There is no definitive and reliable echocardiographic method for estimating the pulmonary vascular resistance (PVR) to differentiate persistent vascular disease from dynamic pulmonary hypertension. The aim of this study was to analyze the relationship between the pulmonary venous blood flow velocity-time integral (VTIpv) and PVR.

Methods and Results

Eighteen patients (10 females; 4 months to 22 years of age) with congenital heart disease and left to right shunt were studied. They underwent complete cardiac catheterization, including measurements of the PVR and Qp:Qs ratio, before and after 100% oxygen inhalation. Simultaneous left inferior pulmonary venous flow VTIpv was obtained by Doppler echocardiography. The PVR decreased significantly from 5.0 ± 2.6 W to 2.8 ± 2.2 W (P = 0.0001) with a significant increase in the Qp:Qs ratio, from 3.2 ± 1.4 to 4.9 ± 2.4 (P = 0.0008), and the VTIpv increased significantly from 22.6 ± 4.7 cm to 28.1 ± 6.2 cm (P = 0.0002) after 100% oxygen inhalation. VTIpv correlated well with the PVR and Qp:Qs ratio (r = −0.74 and 0.72, respectively).
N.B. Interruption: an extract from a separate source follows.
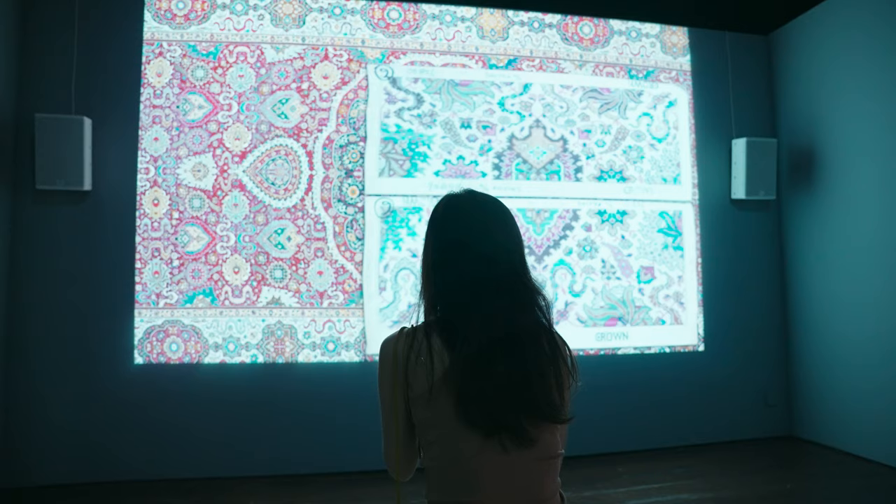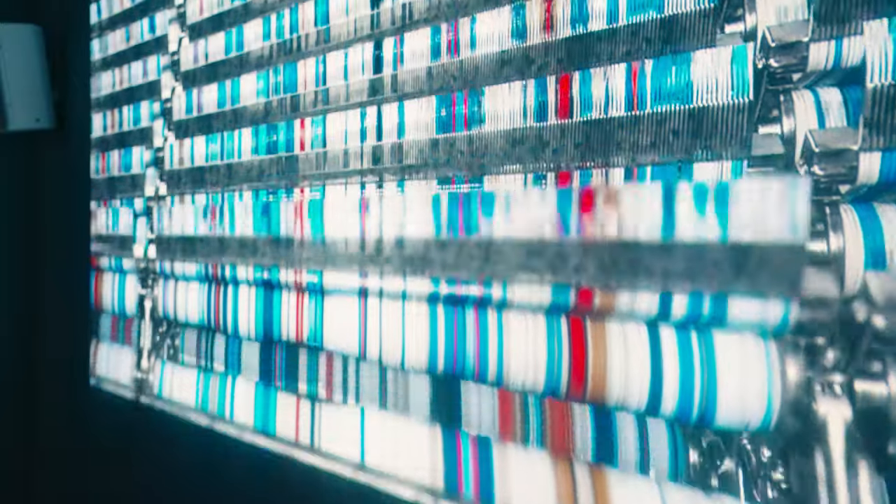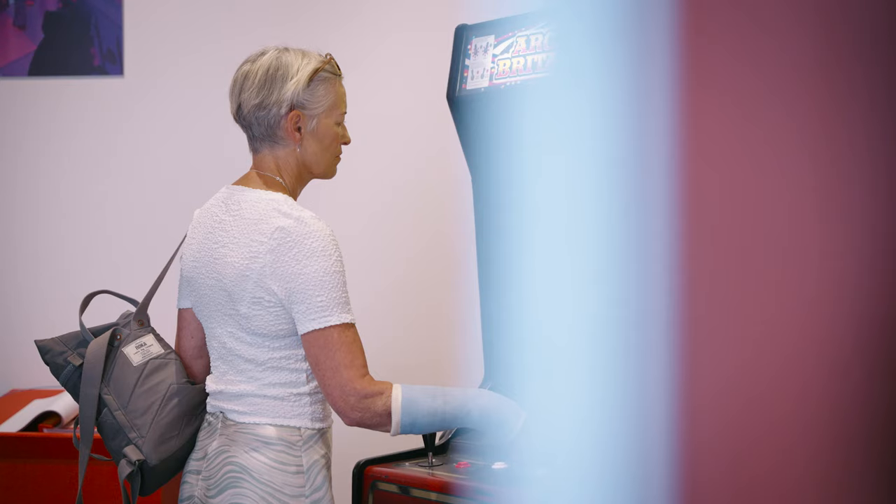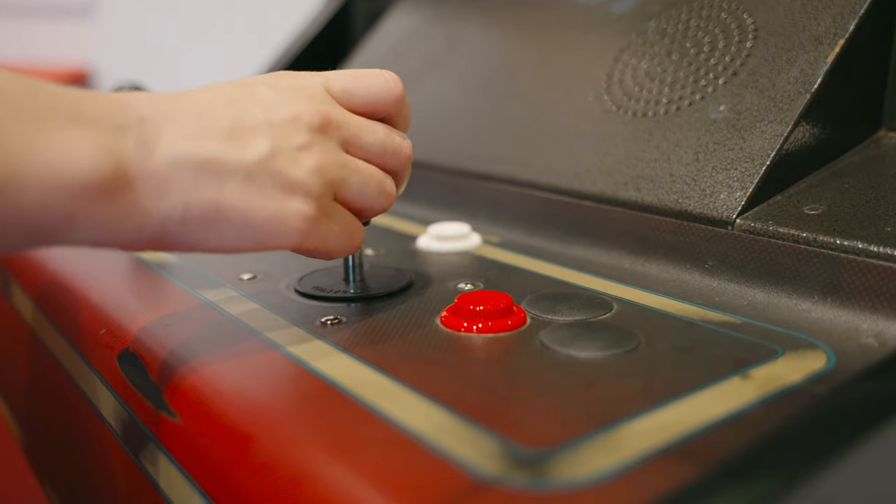The great thing about an exhibition like Eureka at London Design Biennale is that it reaches an audience you wouldn't normally get to. It places our project and our work alongside international experts who are really the very best in the field — you don't get any of that without exhibiting at a high-status institution.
Diagnostic indexes indicated a sensitivity of 86%, specificity of 75%, accuracy of 83%, a positive predictive value of 92% and a negative predictive value of 60%.

Conclusion

The VTIpv correlated well with the PVR. The measurement of this index before and after oxygen inhalation may become a useful noninvasive test for differentiating persistent vascular disease from dynamic and flow-related pulmonary hypertension.